Here is an excerpt from that essay from “The Edge”
Sixty years ago, digital computers made information readable. Twenty years ago, the Internet made it reachable. Ten years ago, the first search engine crawlers made it a single database. Now Google and like-minded companies are sifting through the most measured age in history, treating this massive corpus as a laboratory of the human condition. They are the children of the Petabyte Age.
The Petabyte Age is different because more is different. Kilobytes were stored on floppy disks. Megabytes were stored on hard disks. Terabytes were stored in disk arrays. Petabytes are stored in the cloud. As we moved along that progression, we went from the folder analogy to the file cabinet analogy to the library analogy to — well, at petabytes we ran out of organizational analogies.
According to Chris Anderson, we are at “the end of science”, that is, science as we know it.” The quest for knowledge used to begin with grand theories. Now it begins with massive amounts of data. Welcome to the Petabyte Age.”

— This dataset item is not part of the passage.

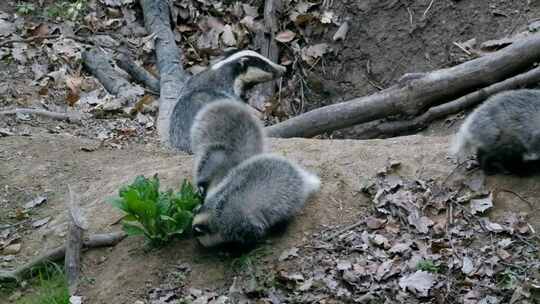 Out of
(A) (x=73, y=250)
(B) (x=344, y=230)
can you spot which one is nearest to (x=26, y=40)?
(A) (x=73, y=250)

“At the petabyte scale, information is not a matter of simple three- and four-dimensional taxonomy and order but of dimensionally agnostic statistics. It calls for an entirely different approach, one that requires us to lose the tether of data as something that can be visualized in its totality. It forces us to view data mathematically first and establish a context for it later.”
In response to Anderson’s essay, Stewart Brand notes that:
Digital humanity apparently crossed from one watershed to another over the last few years. Now we are noticing. Noticing usually helps. We’ll converge on one or two names for the new watershed and watch what induction tells us about how it works and what it’s good for.
The “crossing” that Anderson has named in his essay, has been developing in science for several years and in the Edge community in particular.